A friend of mine showed me a home exercise in a C++ course which he attend. Since I already know C++, but just started learning Haskell I tried to solve the exercise in the "Haskell way".
These are the exercise instructions (I translated from our native language so please comment if the instructions aren't clear):
Write a program which reads non-zero coefficients (A,B,C,D) from the user and places them in the following equation:
A*x + B*y + C*z = D
The program should also read from the user N, which represents a range. The program should find all possible integral solutions for the equation in the range -N/2 to N/2.
For example:
Input: A = 2,B = -3,C = -1, D = 5, N = 4
Output: (-1,-2,-1), (0,-2, 1), (0,-1,-2), (1,-1, 0), (2,-1,2), (2,0, -1)
The most straight-forward algorithm is to try all possibilities by brute force. I implemented it in Haskell in the following way:
triSolve :: Integer -> Integer -> Integer -> Integer -> Integer -> [(Integer,Integer,Integer)]
triSolve a b c d n =
let equation x y z = (a * x + b * y + c * z) == d
minN = div (-n) 2
maxN = div n 2
in [(x,y,z) | x <- [minN..maxN], y <- [minN..maxN], z <- [minN..maxN], equation x y z]
So far so good, but the exercise instructions note that a more efficient algorithm can be implemented, so I thought how to make it better. Since the equation is linear, based on the assumption that Z is always the first to be incremented, once a solution has been found there's no point to increment Z. Instead, I should increment Y, set Z to the minimum value of the range and keep going. This way I can save redundant executions.
Since there are no loops in Haskell (to my understanding at least) I realized that such algorithm should be implemented by using a recursion. I implemented the algorithm in the following way:
solutions :: (Integer -> Integer -> Integer -> Bool) -> Integer -> Integer -> Integer -> Integer -> Integer -> [(Integer,Integer,Integer)]
solutions f maxN minN x y z
| solved = (x,y,z):nextCall x (y + 1) minN
| x >= maxN && y >= maxN && z >= maxN = []
| z >= maxN && y >= maxN = nextCall (x + 1) minN minN
| z >= maxN = nextCall x (y + 1) minN
| otherwise = nextCall x y (z + 1)
where solved = f x y z
nextCall = solutions f maxN minN
triSolve' :: Integer -> Integer -> Integer -> Integer -> Integer -> [(Integer,Integer,Integer)]
triSolve' a b c d n =
let equation x y z = (a * x + b * y + c * z) == d
minN = div (-n) 2
maxN = div n 2
in solutions equation maxN minN minN minN minN
Both yield the same results. However, trying to measure the execution time yielded the following results:
*Main> length $ triSolve' 2 (-3) (-1) 5 100
(2.81 secs, 971648320 bytes)
*Main> length $ triSolve 2 (-3) (-1) 5 100
(1.73 secs, 621862528 bytes)
Meaning that the dumb algorithm actually preforms better than the more sophisticated one. Based on the assumption that my algorithm was correct (which I hope won't turn as wrong :) ), I assume that the second algorithm suffers from an overhead created by the recursion, which the first algorithm isn't since it's implemented using a list comprehension.
Is there a way to implement in Haskell a better algorithm than the dumb one?
(Also, I'll be glad to receive general feedbacks about my coding style)

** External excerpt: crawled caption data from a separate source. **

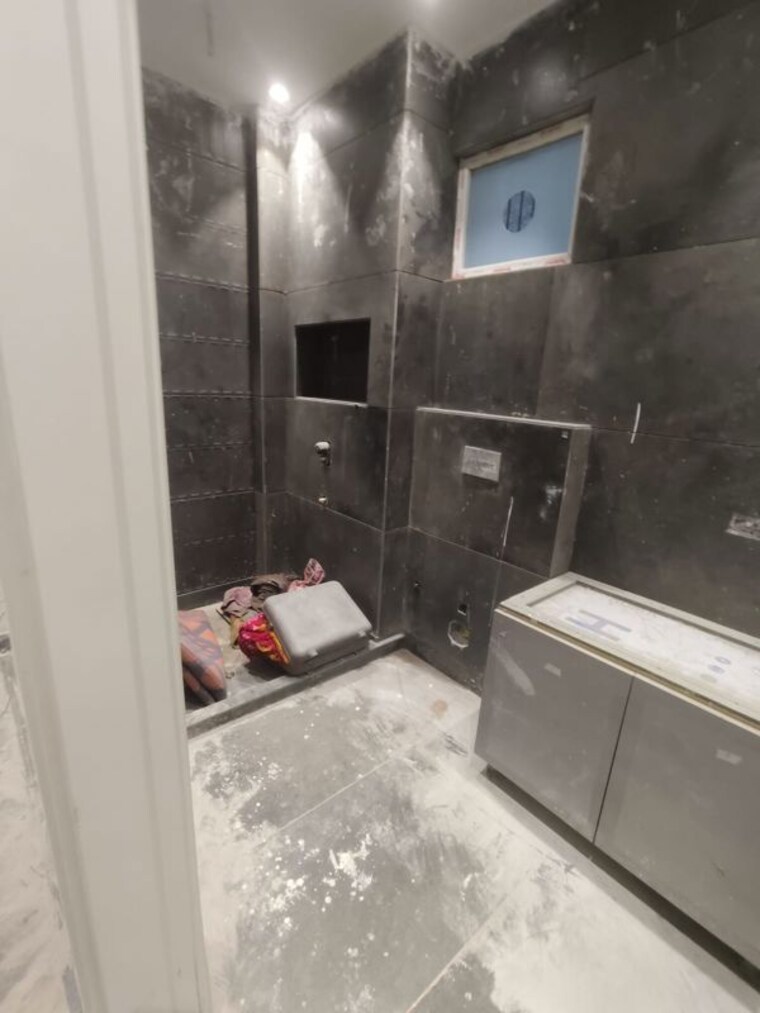 Bathroom, paschim vihar 4 Bedroom 300 Sq.Yd. Builder Floor In Paschim Vihar Delhi 10607311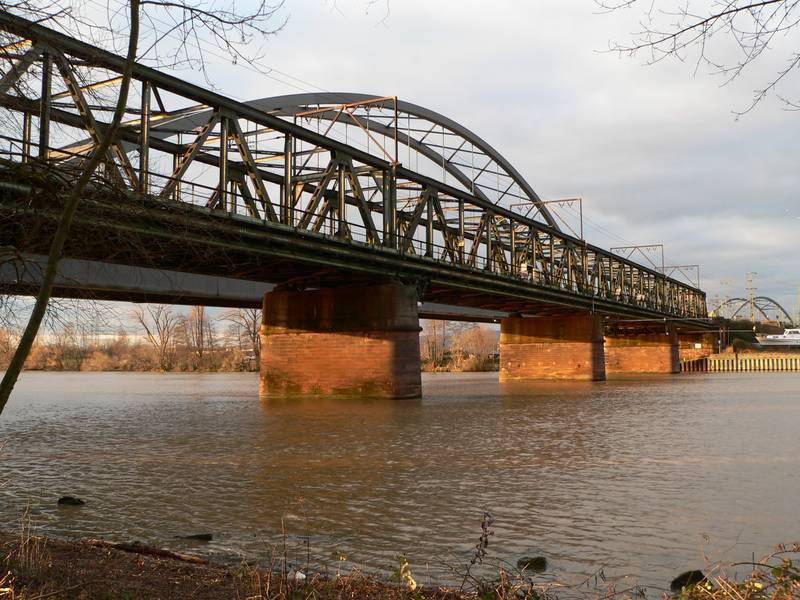 Die Alte Niederräder Brücke Frankfurt am Main, Blick von Südosten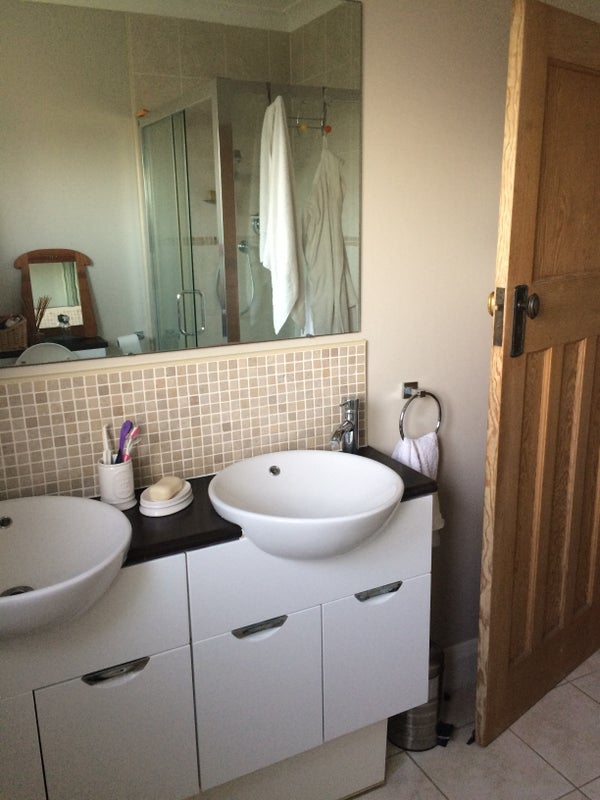 Room Glenlyon Road in Greater London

Of course there is. We have:
a*x + b*y + c*z = d
and as soon as we assume values for x and y, we have that
a*x + b*y = n
where n is a number we know.
c*z = d - n
z = (d - n) / c
And we keep only integral zs.

It's worth noticing that list comprehensions are given special treatment by GHC, and are generally very fast. This could explain why your triSolve (which uses a list comprehension) is faster than triSolve' (which doesn't).
For example, the solution
solve :: Integer -> Integer -> Integer -> Integer -> Integer -> [(Integer,Integer,Integer)]
-- "Buffalo buffalo buffalo buffalo Buffalo buffalo buffalo..."
solve a b c d n =
[(x,y,z) | x <- vals, y <- vals
, let p = a*x +b*y
, let z = (d - p) `div` c
, z >= minN, z <= maxN, c * z == d - p ]
minN = negate (n `div` 2)
maxN = (n `div` 2)
vals = [minN..maxN]
runs fast on my machine:
> length $ solve 2 (-3) (-1) 5 100
(0.03 secs, 4111220 bytes)
whereas the equivalent code written using do notation:
solveM :: Integer -> Integer -> Integer -> Integer -> Integer -> [(Integer,Integer,Integer)]
solveM a b c d n = do
x <- vals
y <- vals
let p = a * x + b * y
z = (d - p) `div` c
guard $ z >= minN
guard $ z <= maxN
guard $ z * c == d - p
return (x,y,z)
minN = negate (n `div` 2)
maxN = (n `div` 2)
vals = [minN..maxN]
takes twice as long to run and uses twice as much memory:
> length $ solveM 2 (-3) (-1) 5 100
(0.06 secs, 6639244 bytes)
Usual caveats about testing within GHCI apply -- if you really want to see the difference, you need to compile the code with -O2 and use a decent benchmarking library (like Criterion).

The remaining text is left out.